Reflections on Three Years of Reading Knuth
A little over three years ago, I picked up a boxed set of the first three volumes of Donald Knuth's "The Art of Computer Programming" (TAOCP). I knew them by reputation before I ever even considered reading them — I knew, for example, that they had a reputation for being packed with dense mathematicalese along with a lot of brain-bendingly difficult problems. For whatever reason, that's the sort of odd challenge that appeals to me, so I went into the series with the intent to work every single problem. That turned out to be unrealistically ambitious - for one thing, there are a few problems that are marked as "research problems" that Knuth himself admits should take a motivated graduate student a semester to complete satisfactorily. There are even a few problems that he lists as "unsolved research problems" that may not even have a solution. I ended up settling for making at least a realistic attempt at every problem; even so, I was able to work far fewer than I expected I should have been able to. This is some seriously advanced material. I finally finished volume 3 last month, after three years of working as many problems as I was smart enough to work (which turned out to be fewer than I'd care to admit - but don't judge me until you try it yourself!)
I know that a lot of programmer types talk about these books — more than once I've seen them referred to as the books that everybody recommends but nobody actually reads. A lot of people are put off by the academic packaging or the cost; I can't disagree with either of those concerns. The books are heavily academic — to the point that they can and have been used as college textbooks. They're also expensive but, I think, worth the cost.
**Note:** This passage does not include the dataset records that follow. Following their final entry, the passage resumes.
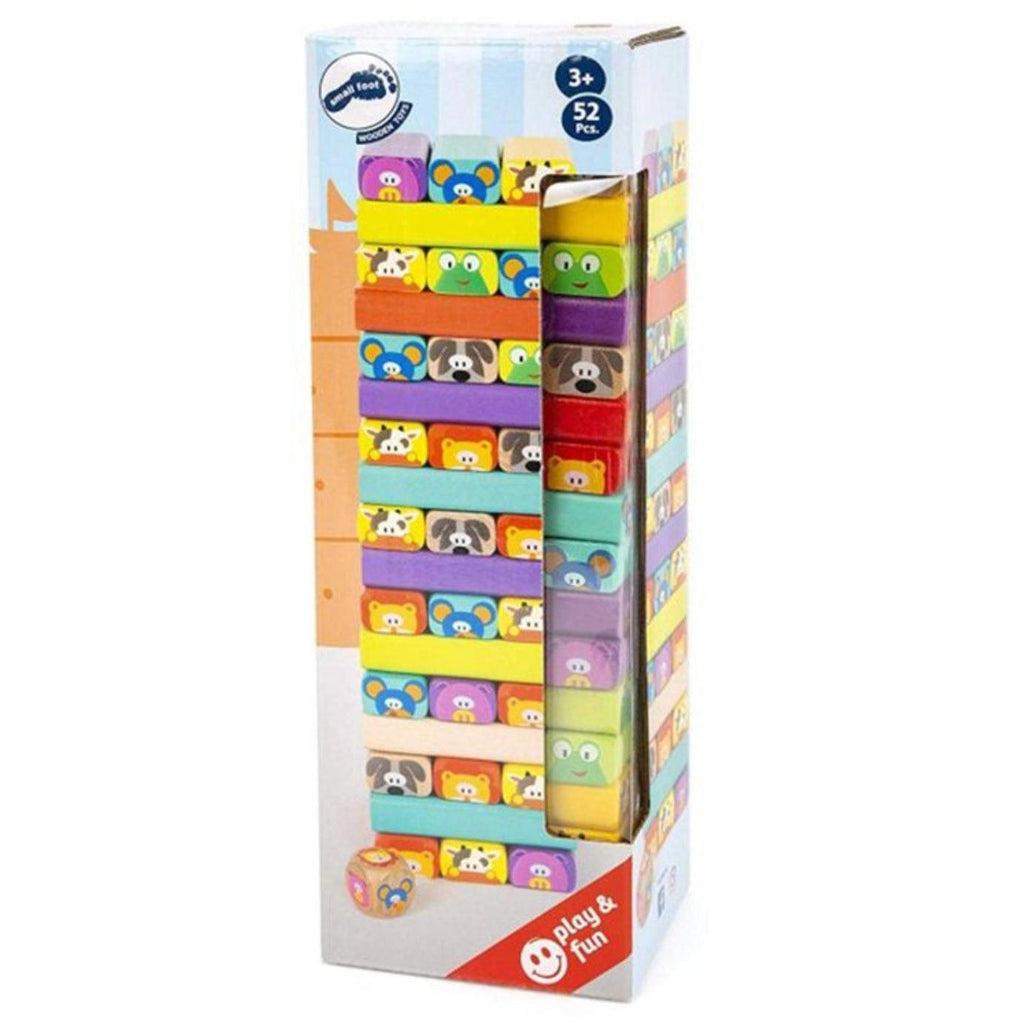 Wobbling Tower Animal Game-Small Foot-The Red Balloon Toy Store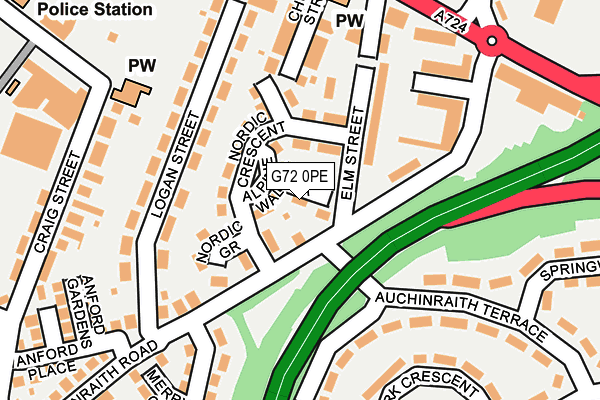 G72 0PE map - OS OpenMap – Local (Ordnance Survey) G72 0PE map - OS OpenMap – Local (Ordnance Survey)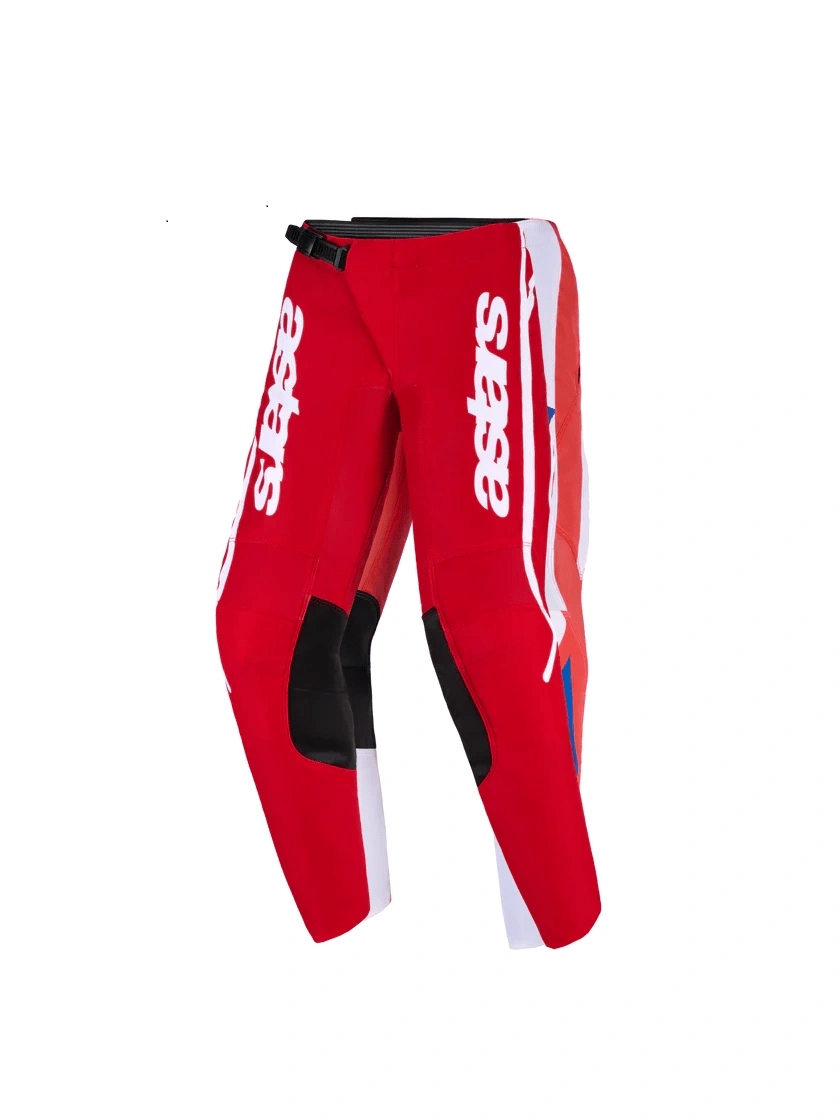 Alpinestars 2026 Fluid Apex Kids' Motocross Pants Red/White - MxProStoreParts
Another reason people sometimes suggest staying away from TAOCP is that the material is irrelevant in the 21st century. This is sort of a more difficult concern to counter, honestly, especially now that I've finished all three books. On the one hand, I know that the Sun developers who put together the Java programming language leaned heavily on Knuth's discussion of random number generation and large-number mathematical operations in volume 2. On the other hand, though, most of us won't be undertaking any projects like the Java programming language in our careers. It's neat to read and entertaining to know, but you can probably get along your whole life just using the PRNG and mathematical libraries built into your programming environment without ever really understanding what makes them tick.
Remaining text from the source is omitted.